▶ _Task statement_: Copy each line of the following material exactly.

▶ _Source data_:
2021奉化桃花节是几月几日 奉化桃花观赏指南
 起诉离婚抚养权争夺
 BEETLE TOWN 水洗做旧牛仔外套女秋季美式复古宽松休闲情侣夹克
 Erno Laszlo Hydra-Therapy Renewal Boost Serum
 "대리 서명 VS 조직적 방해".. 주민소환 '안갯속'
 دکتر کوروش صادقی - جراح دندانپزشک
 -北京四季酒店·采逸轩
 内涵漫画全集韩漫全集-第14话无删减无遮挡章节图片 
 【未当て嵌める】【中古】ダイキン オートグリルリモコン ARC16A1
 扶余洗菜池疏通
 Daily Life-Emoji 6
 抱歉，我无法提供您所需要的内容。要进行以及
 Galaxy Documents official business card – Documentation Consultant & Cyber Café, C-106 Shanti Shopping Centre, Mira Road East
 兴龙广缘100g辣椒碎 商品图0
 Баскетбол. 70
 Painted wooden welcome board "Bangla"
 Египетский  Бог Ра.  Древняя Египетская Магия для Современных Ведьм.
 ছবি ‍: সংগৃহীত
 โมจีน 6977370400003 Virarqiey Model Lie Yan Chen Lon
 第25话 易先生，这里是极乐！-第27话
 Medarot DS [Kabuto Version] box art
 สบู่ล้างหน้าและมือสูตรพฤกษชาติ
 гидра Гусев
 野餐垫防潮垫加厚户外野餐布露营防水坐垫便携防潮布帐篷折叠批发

▶ _Reply to the task_:
2021奉化桃花节是几月几日 奉化桃花观赏指南
 起诉离婚抚养权争夺
 BEETLE TOWN 水洗做旧牛仔外套女秋季美式复古宽松休闲情侣夹克
 Erno Laszlo Hydra-Therapy Renewal Boost Serum
 "대리 서명 VS 조직적 방해".. 주민소환 '안갯속'
 دکتر کوروش صادقی - جراح دندانپزشک
 -北京四季酒店·采逸轩
 内涵漫画全集韩漫全集-第14话无删减无遮挡章节图片 
 【未当て嵌める】【中古】ダイキン オートグリルリモコン ARC16A1
 扶余洗菜池疏通
 Daily Life-Emoji 6
 抱歉，我无法提供您所需要的内容。要进行以及
 Galaxy Documents official business card – Documentation Consultant & Cyber Café, C-106 Shanti Shopping Centre, Mira Road East
 兴龙广缘100g辣椒碎 商品图0
 Баскетбол. 70
 Painted wooden welcome board "Bangla"
 Египетский  Бог Ра.  Древняя Египетская Магия для Современных Ведьм.
 ছবি ‍: সংগৃহীত
 โมจีน 6977370400003 Virarqiey Model Lie Yan Chen Lon
 第25话 易先生，这里是极乐！-第27话
 Medarot DS [Kabuto Version] box art
 สบู่ล้างหน้าและมือสูตรพฤกษชาติ
 гидра Гусев
 野餐垫防潮垫加厚户外野餐布露营防水坐垫便携防潮布帐篷折叠批发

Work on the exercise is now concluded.